• REQUIRED ACTION:
Give again the lines from the line with "gingerfridaj model exclusive picture" to the last line of the records, exactly and in full. Do not carry over any pictures.
──────────────────────────────
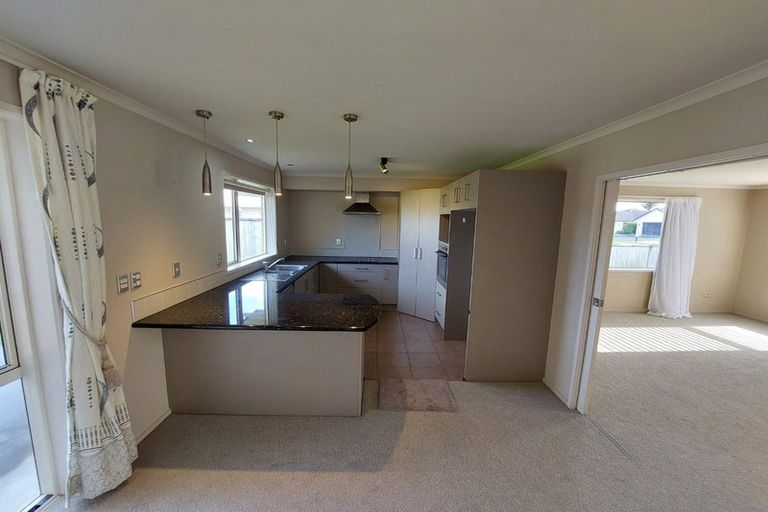 Photo of property in 10 Madison Street, Cambridge, 3434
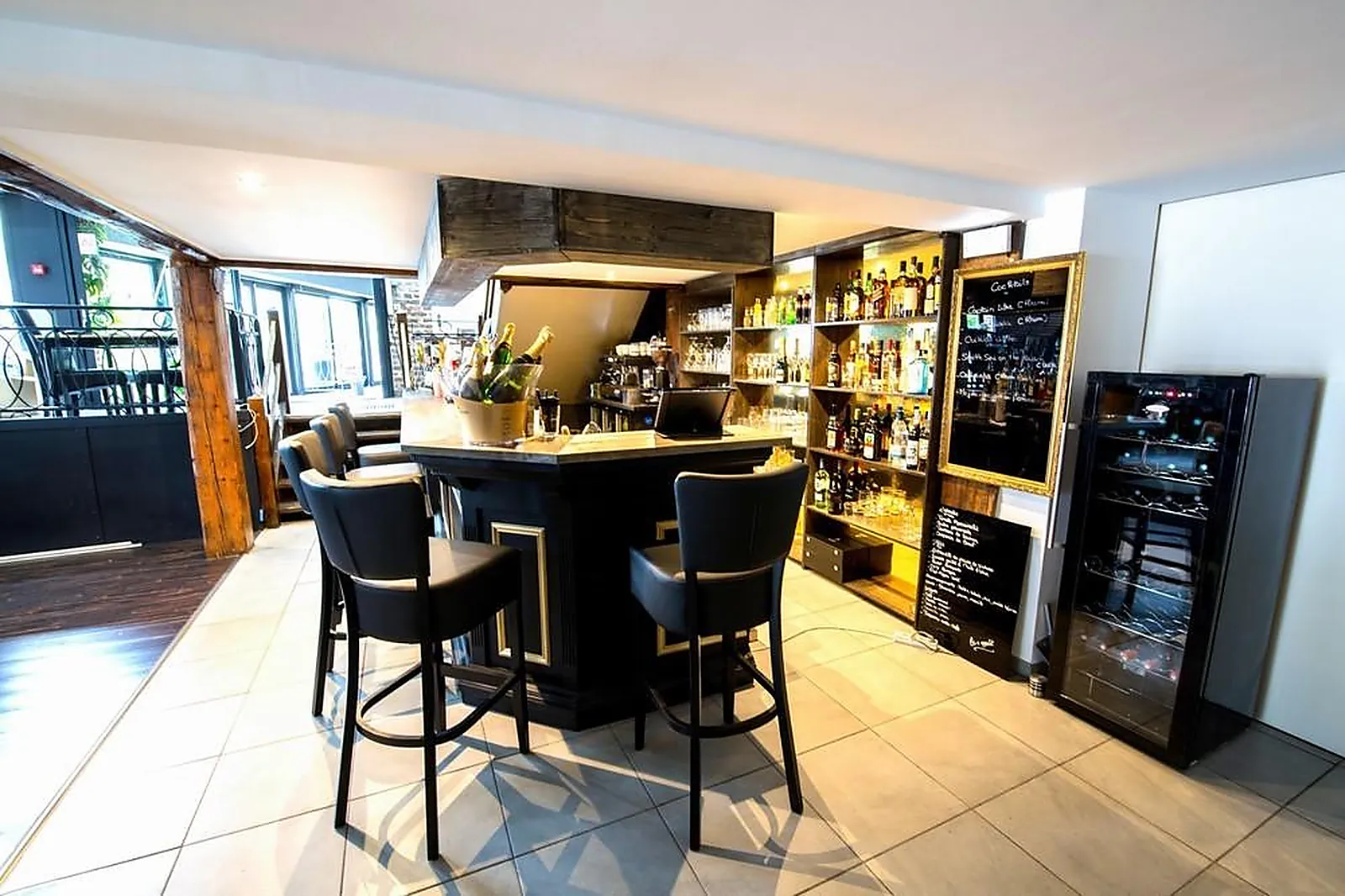 Lieux événementiels, LE FEU AU LAC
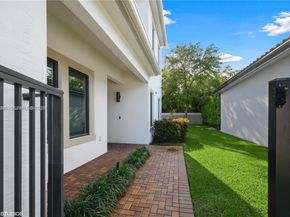 5883 W Brookfield Cir W, Hollywood FL 33312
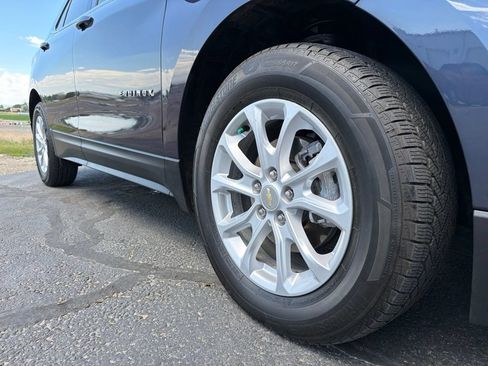 Used 2019 Chevrolet Equinox LT w/ Sun & Navigation Package AWD/4WD image 4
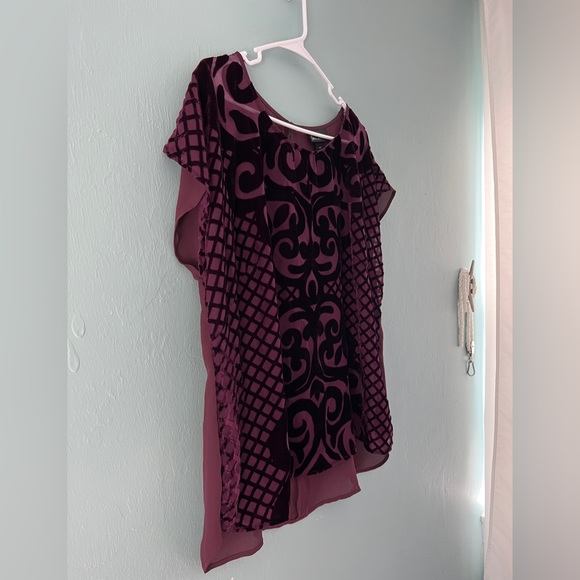 Lane Bryant Burgundy Velvet Detail Sheer Blouse Size 14/16 - Picture 4 of 4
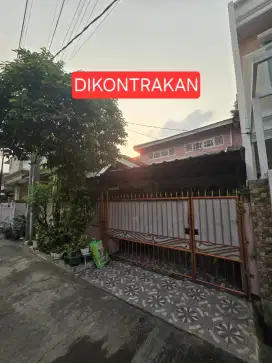 Disewakan Rumah Tytyan Kencana, Summarecon Bekasi! Semi Furnished*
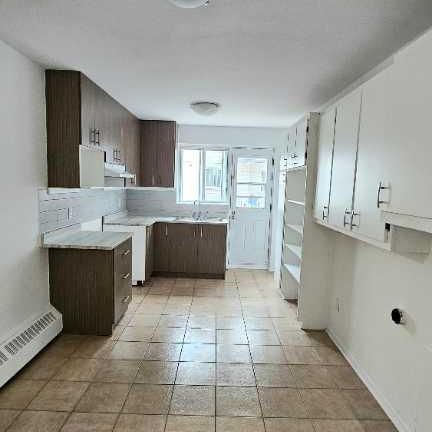 Lumineux, Vue sur le Golf, Tranquil & Chauffé 4 1/2 - Photo 1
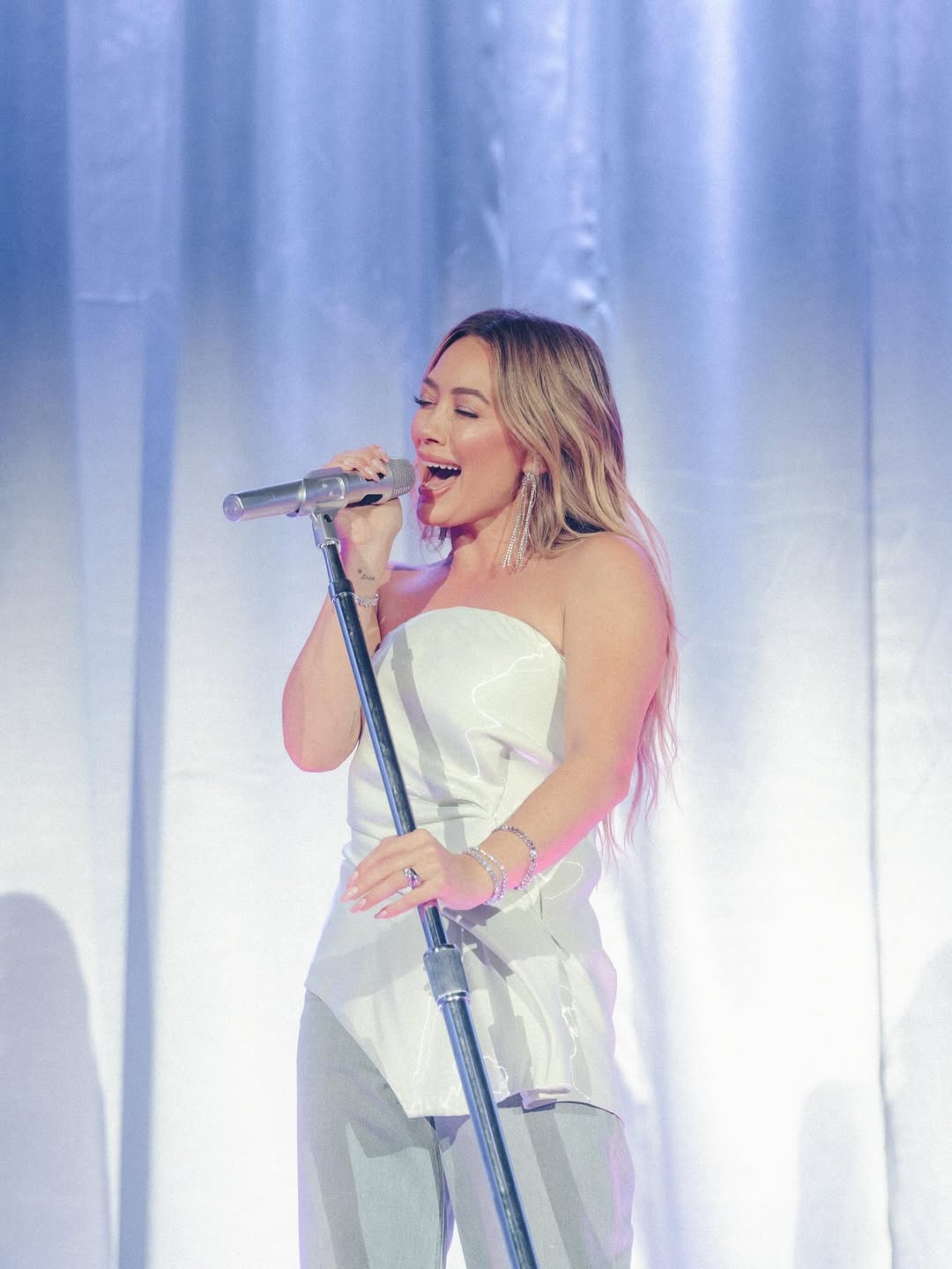 Outfit1-010.jpg Outfit1-010.jpg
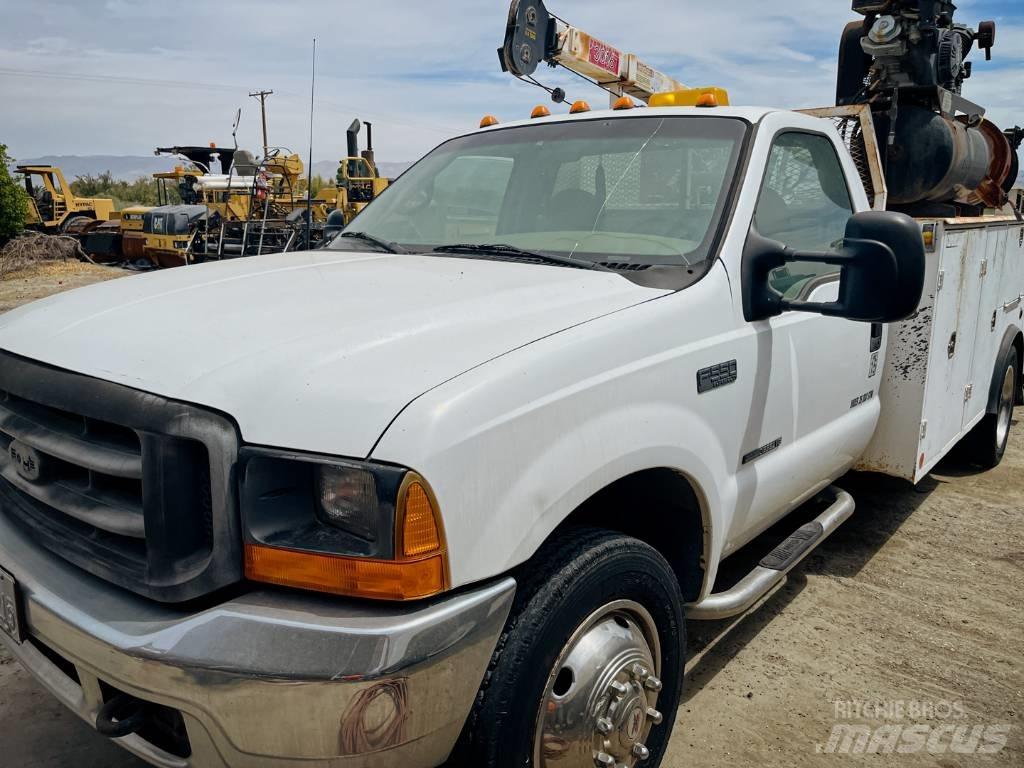 Ford F 550 SD 시립/다목적 차량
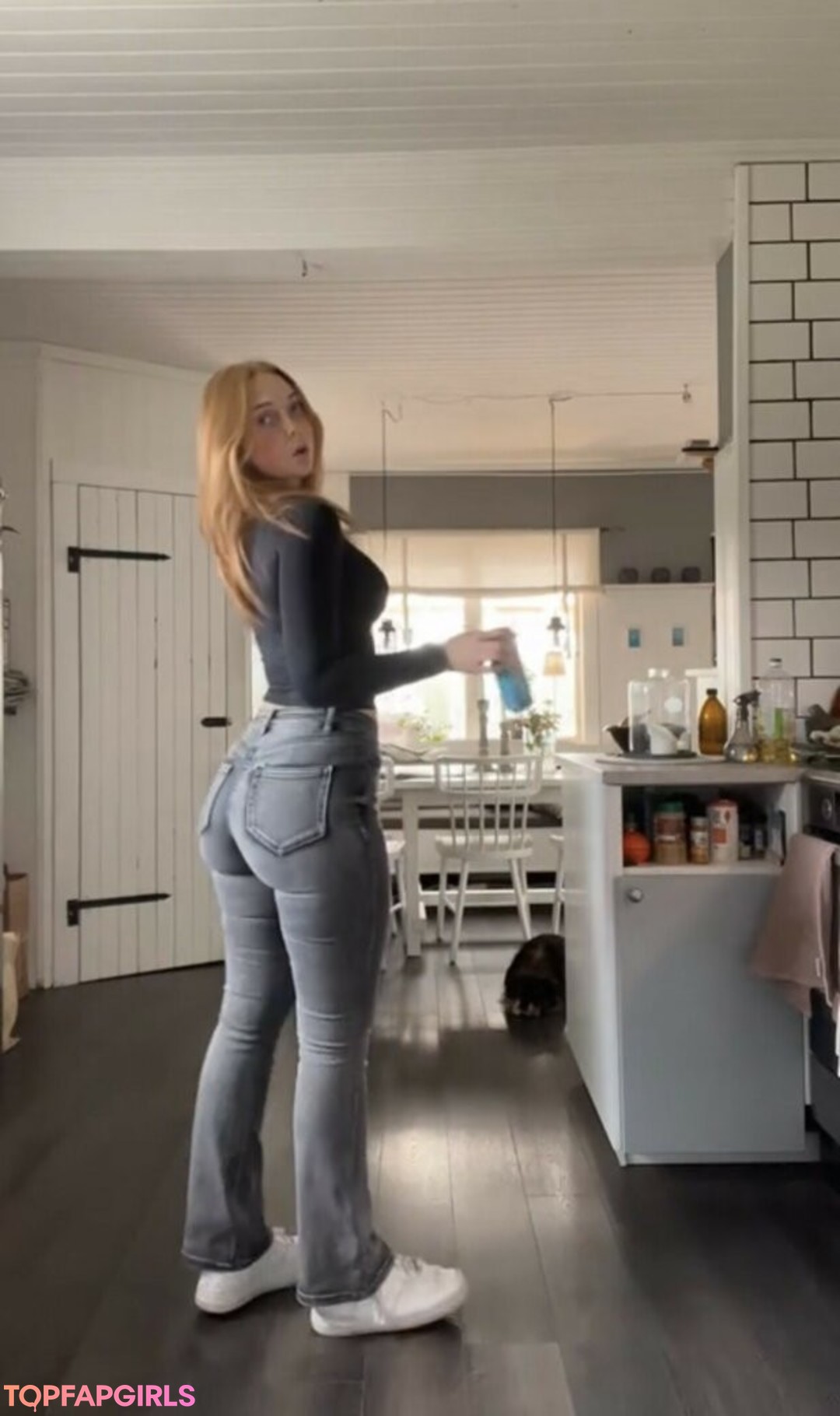 gingerfridaj model exclusive picture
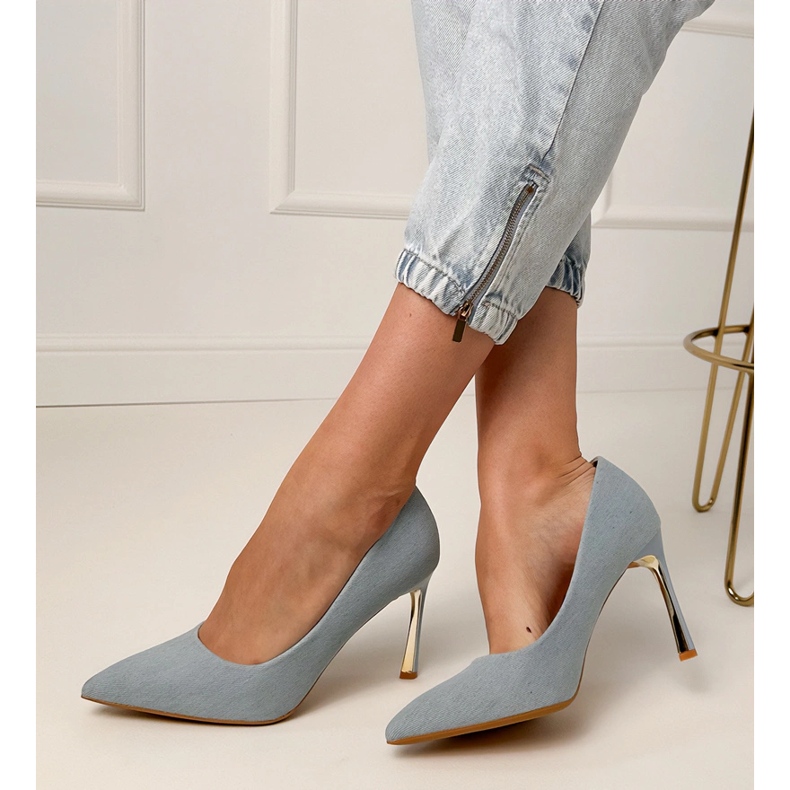 Jeans classici pompe su una spilla dorata blu 2
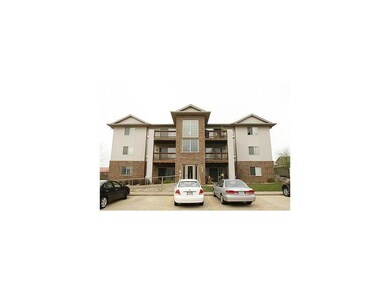 Front Exterior. Partial brick & vinyl siding.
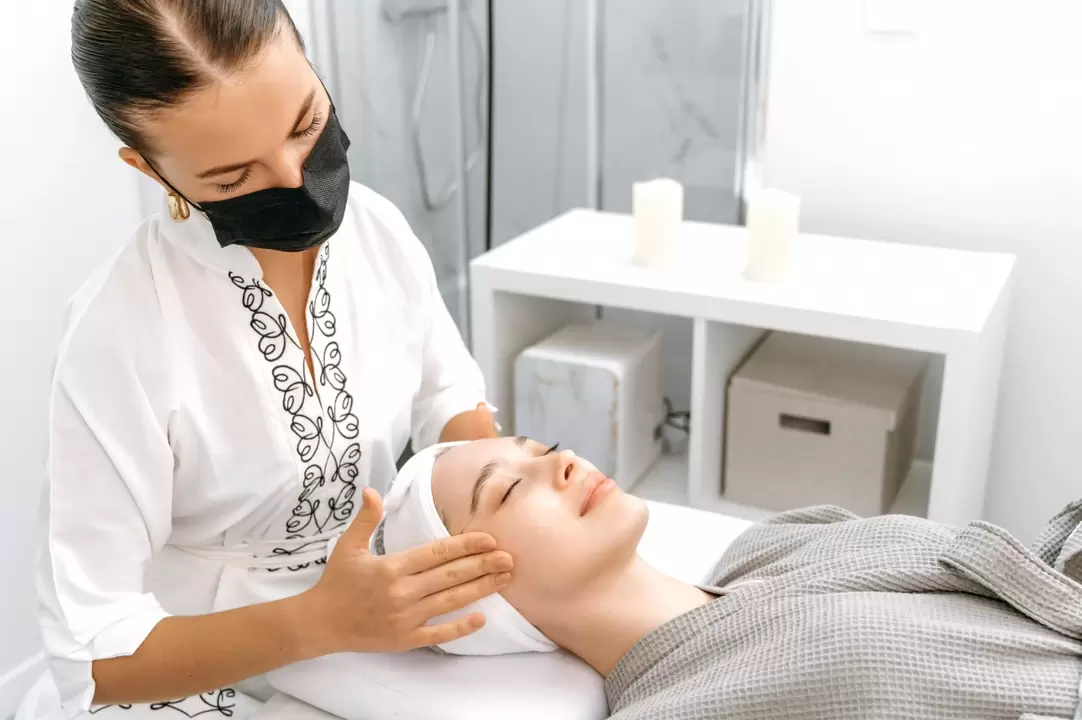 Profesionálna masáž podporuje omladenie pokožky tváre bez injekcií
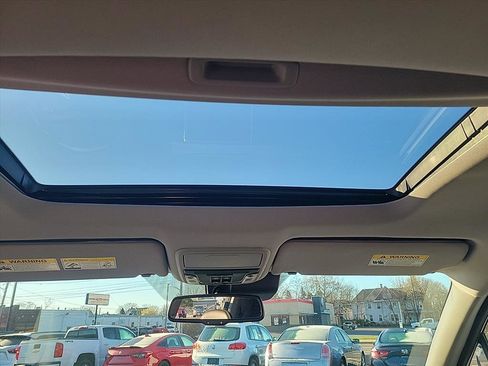 Used 2017 Honda Ridgeline RTL-E image 16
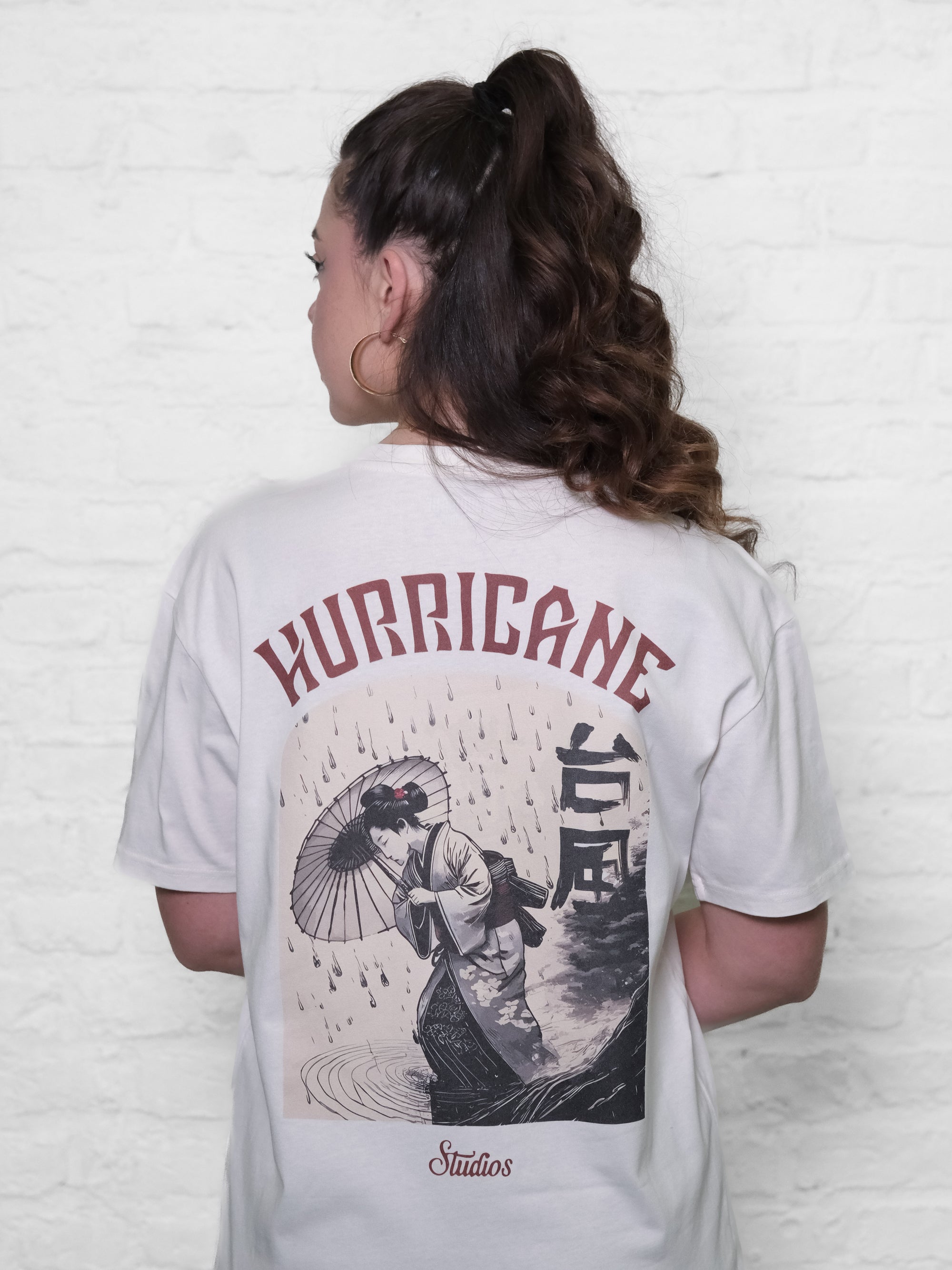 Short-Sleeve T-Shirt / Onna-Bugeisha / Off-White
──────────────────────────────
• EXERCISE OUTPUT:
 gingerfridaj model exclusive picture
 Jeans classici pompe su una spilla dorata blu 2
 Front Exterior. Partial brick & vinyl siding.
 Profesionálna masáž podporuje omladenie pokožky tváre bez injekcií
 Used 2017 Honda Ridgeline RTL-E image 16
 Short-Sleeve T-Shirt / Onna-Bugeisha / Off-White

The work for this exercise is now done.